Bu uygulamanın hayata geçirilmesiyle ülkemizin geleceği,  belki bir 50 yılı daha sosyolojik, toplumsal, ekonomik ve mekansal birçok soruna gebe bırakılmaktadır. 

Neredeyse "Yapı Ruhsat Belgesi"ne karşılık gelen "Yapı Kayıt Belgesi"nin verilmesine ilişkin detayları içeren söz konusu düzenleme ile; İstanbul Tarihi Yarımada`nın bir bölümü, Boğaziçi Kanunu ile tanımlanan Boğaziçi Sahil Şeridi ve Öngörünüm Bölgesi`nin bir bölümü ve Çanakkale Gelibolu Tarihi Alanı dışında kalan ancak ulusal mevzuat ve uluslararası sözleşmelerle korunması gereken alanlardaki ve imar mevzuatına, planlama ilke ve esaslarına uygun gelişmesi gereken tüm diğer alanlardaki kaçak yapılaşma yasallaştırılmaktadır. Örneğin, ülkemizin korunması gerekli tarihi, kültürel ve doğal değerleri olan ve herkesin eşit kullanımına açık, 2863 sayılı Kültür ve Tabiat Varlıklarını Koruma Kanunu kapsamındaki "Arkeolojik alanlar, doğal sit alanları, tarihi sit alanları ve kentsel sit alanları",

3621 sayılı Kıyı Kanunu ile koruma altına alınmış deniz, tabii ve suni göl ve akarsu kıyıları ile bu yerlerin etkisinde olan ve devamı niteliğinde bulunan "Kıyı alanları"
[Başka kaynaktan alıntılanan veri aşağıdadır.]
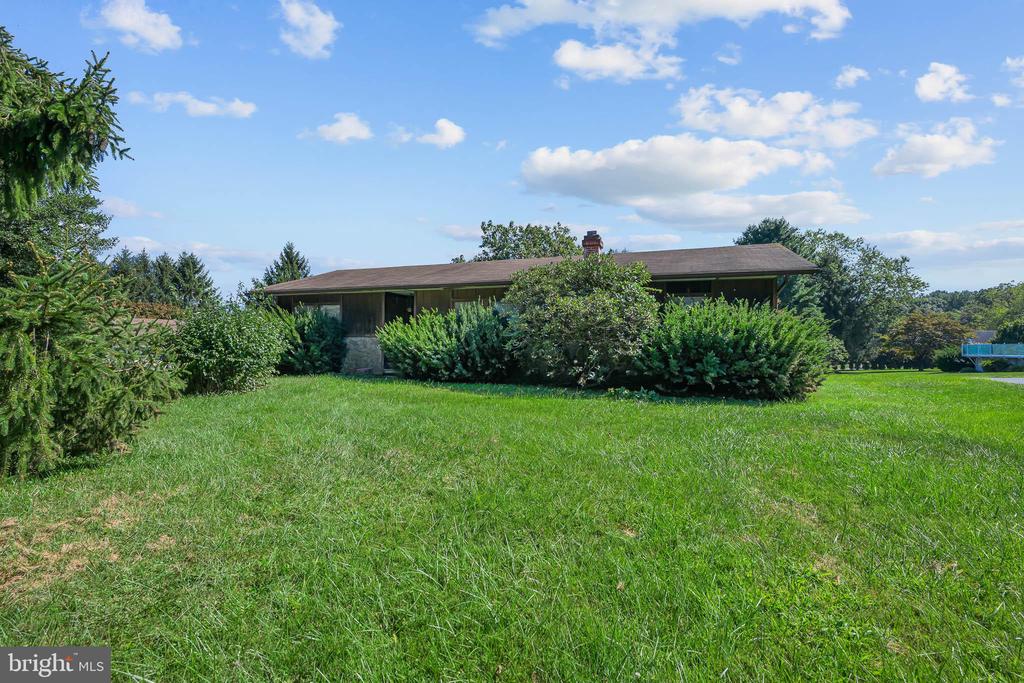 State Rd, West Grove, PA 19390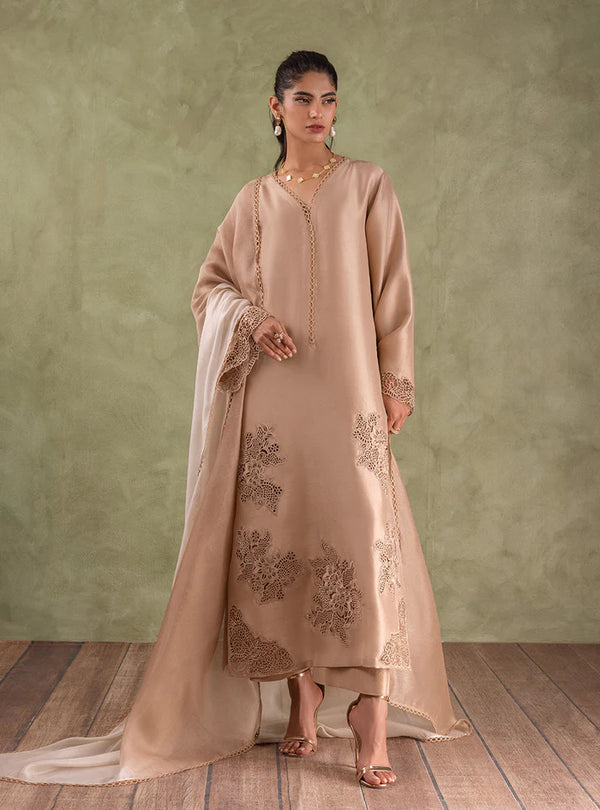 Zainab Chottani | Eid Edit 24 | Coral Champagne - Hoorain Designer Wear - Pakistani Ladies Branded Stitched Clothes in United Kingdom, United states, CA and Australia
5403 sayılı Toprak Koruma ve Arazi Kullanımı Kanunu ile koruma altına alınan "Tarım arazileri"

 3573 sayılı Zeytinciliğin Islahı ve Yabanilerinin Aşılattırılması Hakkında Kanun ile koruma altına alınan "Zeytinlikleri"

ve burada adı geçmeyen diğer korunması gerekli alanlarda Anayasa ve bağlı yasal düzenlemelere  aykırı, kaçak uygulamalara karşı yaptırım ve düzeltim talep edilmesi, kamu yararı gözetilmesi gerekirken; bireysel çıkarlara yönelik bir tür af getirilmekte, yasadışılık ödüllendirilmekte, kaçak yapılaşma geleceğe dönük olarak özendirilmektedir.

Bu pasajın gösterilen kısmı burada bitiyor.